▶ [Try it]: Reproduce all of the entries character for character, while leaving out any pictures they contain.

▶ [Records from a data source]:
● ● ●
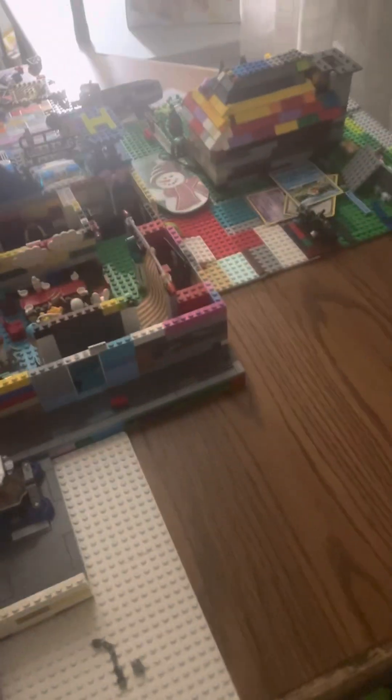Yo, what's up guys, welcome back to a brand new video. In today's video, you see this plot of nothingness? I have two base plates and I'm probably going to turn it into something. It's actually useful.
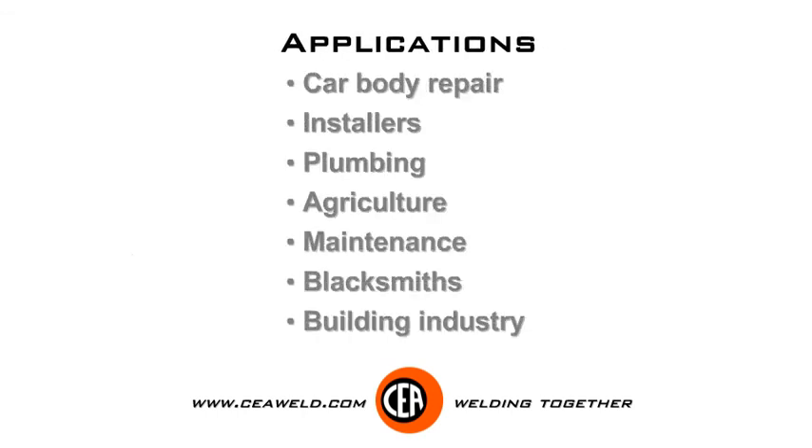Applications: car body repair, installers, plumbing, agriculture, maintenance, blacksmiths, building industry.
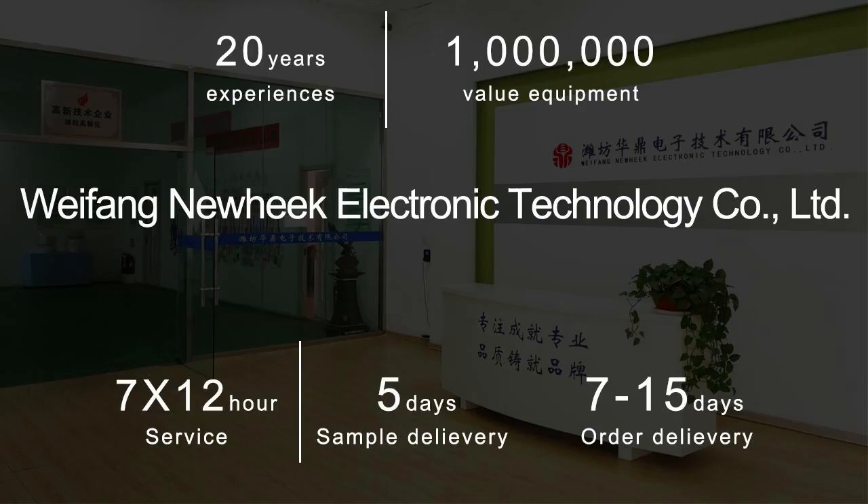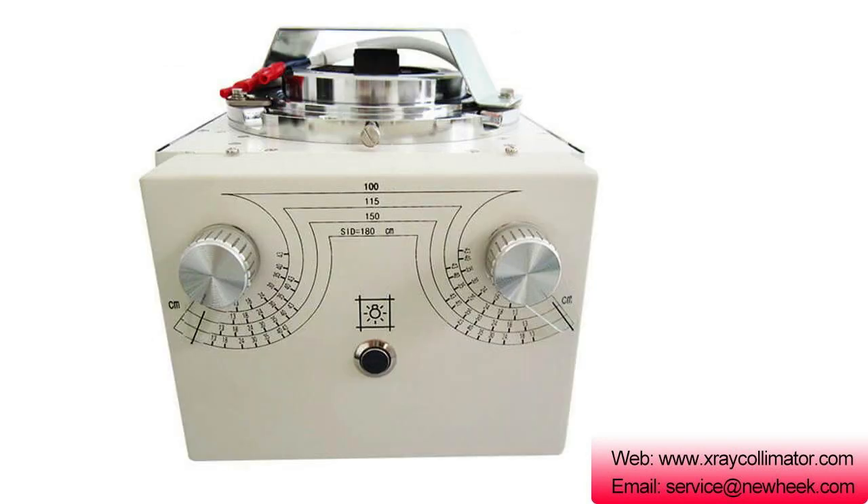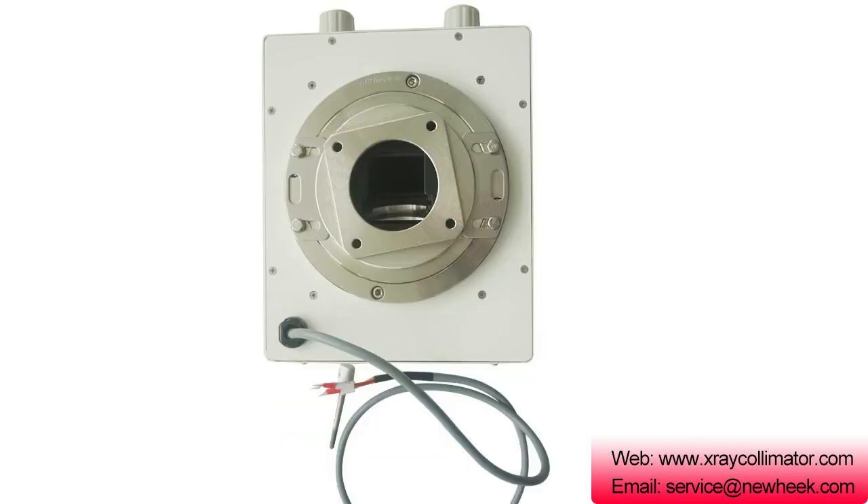NUHICS X-ray callimeters NK-102, NK-103, and NK-202 all belong to the manual X-ray callimeter, which is the lead plate of the direct manual rotation bug in opening and closing X-ray callimeter. They are mainly used for filming.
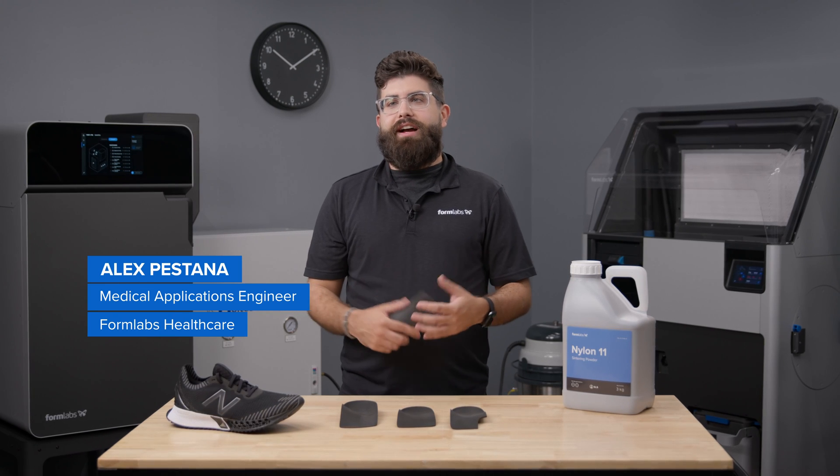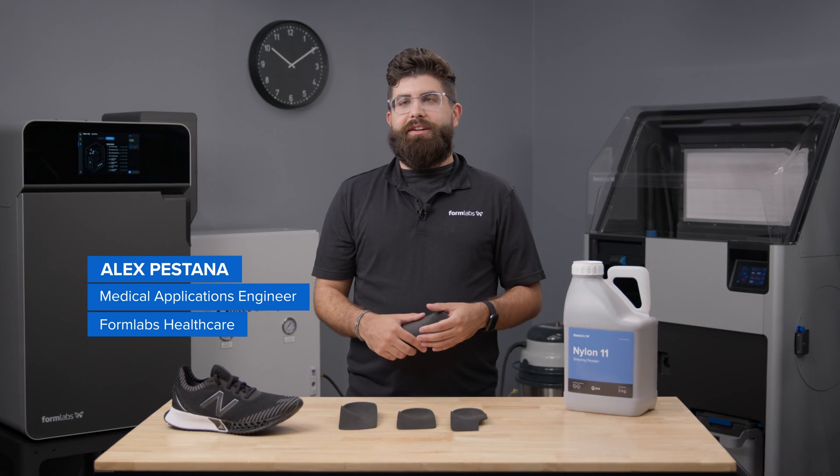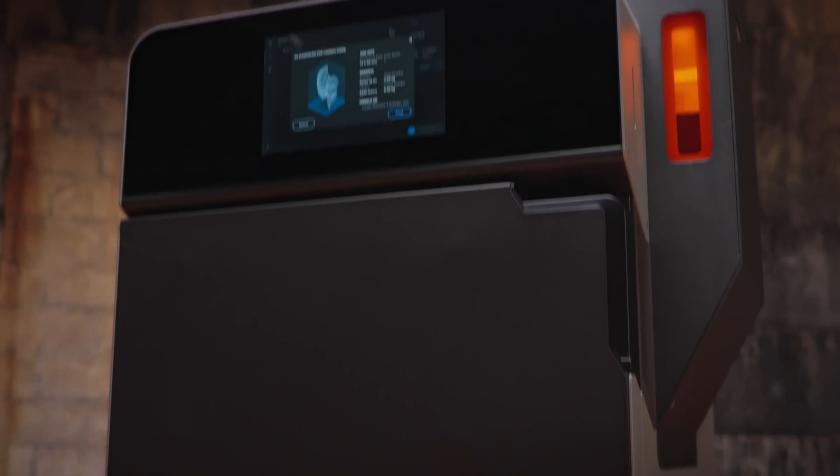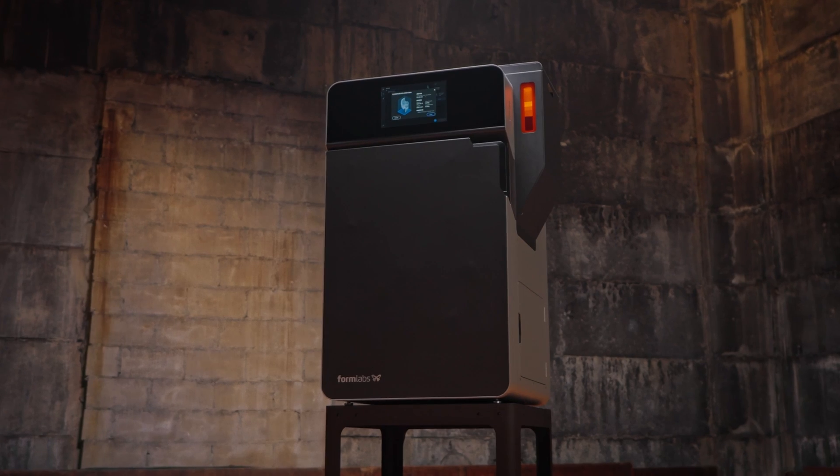I'm Alex Bastana, Medical Application Engineer here at Formlabs Healthcare, where I help develop and validate a workflow for printing high-quality insole shells on the powerful, easy-to-use Fuse 1 Plus 30 Watt.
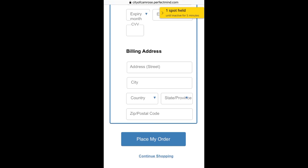And that's it, you're done! A confirmation will be sent directly to your email with all of your full details.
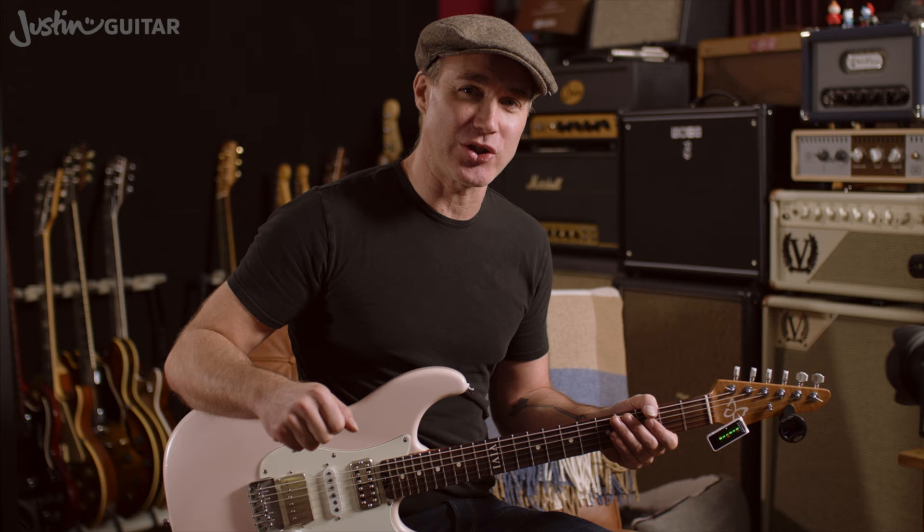Now, if you're already confident that your guitar's in tune, you know all about this, you know how to use your tuner, then feel free to move on to the next lesson in my beginner's course. For those of you who are not really sure, a bit new to this, or want a little refresher, there are quite a few different ways to tune your guitar.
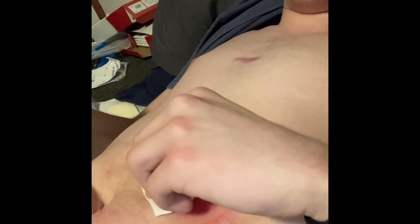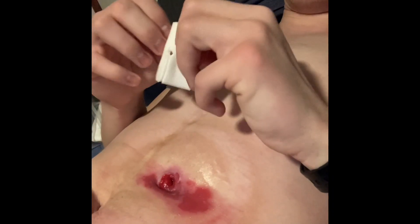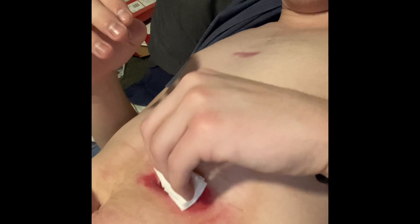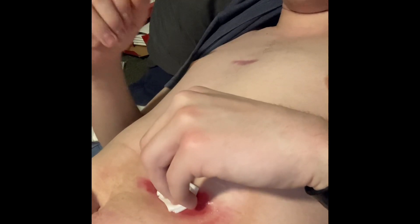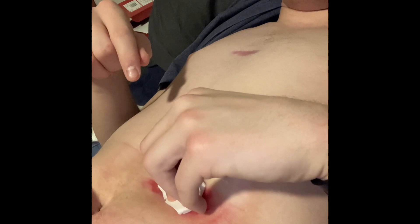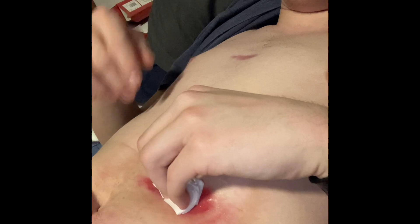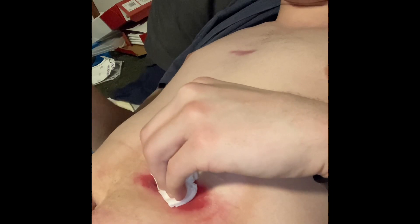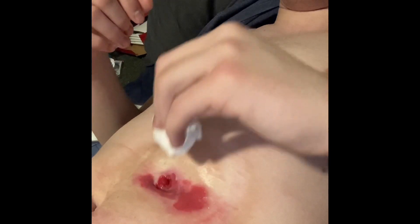When it leaks for periods of time and just sits there, it does this. If it leaks and I take care of it right away, it doesn't do that as much, but sometimes I don't get to it right away for many different reasons. And when you go to cough, always cover your hole — always cover the hole — because otherwise it'll squirt stomach acid all over and it will hurt really really bad.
● ● ●
▶ [Reply]:
Yo, what's up guys, welcome back to a brand new video. In today's video, you see this plot of nothingness? I have two base plates and I'm probably going to turn it into something. It's actually useful.
Applications: car body repair, installers, plumbing, agriculture, maintenance, blacksmiths, building industry.
NUHICS X-ray callimeters NK-102, NK-103, and NK-202 all belong to the manual X-ray callimeter, which is the lead plate of the direct manual rotation bug in opening and closing X-ray callimeter. They are mainly used for filming.
I'm Alex Bastana, Medical Application Engineer here at Formlabs Healthcare, where I help develop and validate a workflow for printing high-quality insole shells on the powerful, easy-to-use Fuse 1 Plus 30 Watt.
And that's it, you're done! A confirmation will be sent directly to your email with all of your full details.
Now, if you're already confident that your guitar's in tune, you know all about this, you know how to use your tuner, then feel free to move on to the next lesson in my beginner's course. For those of you who are not really sure, a bit new to this, or want a little refresher, there are quite a few different ways to tune your guitar.
When it leaks for periods of time and just sits there, it does this. If it leaks and I take care of it right away, it doesn't do that as much, but sometimes I don't get to it right away for many different reasons. And when you go to cough, always cover your hole — always cover the hole — because otherwise it'll squirt stomach acid all over and it will hurt really really bad.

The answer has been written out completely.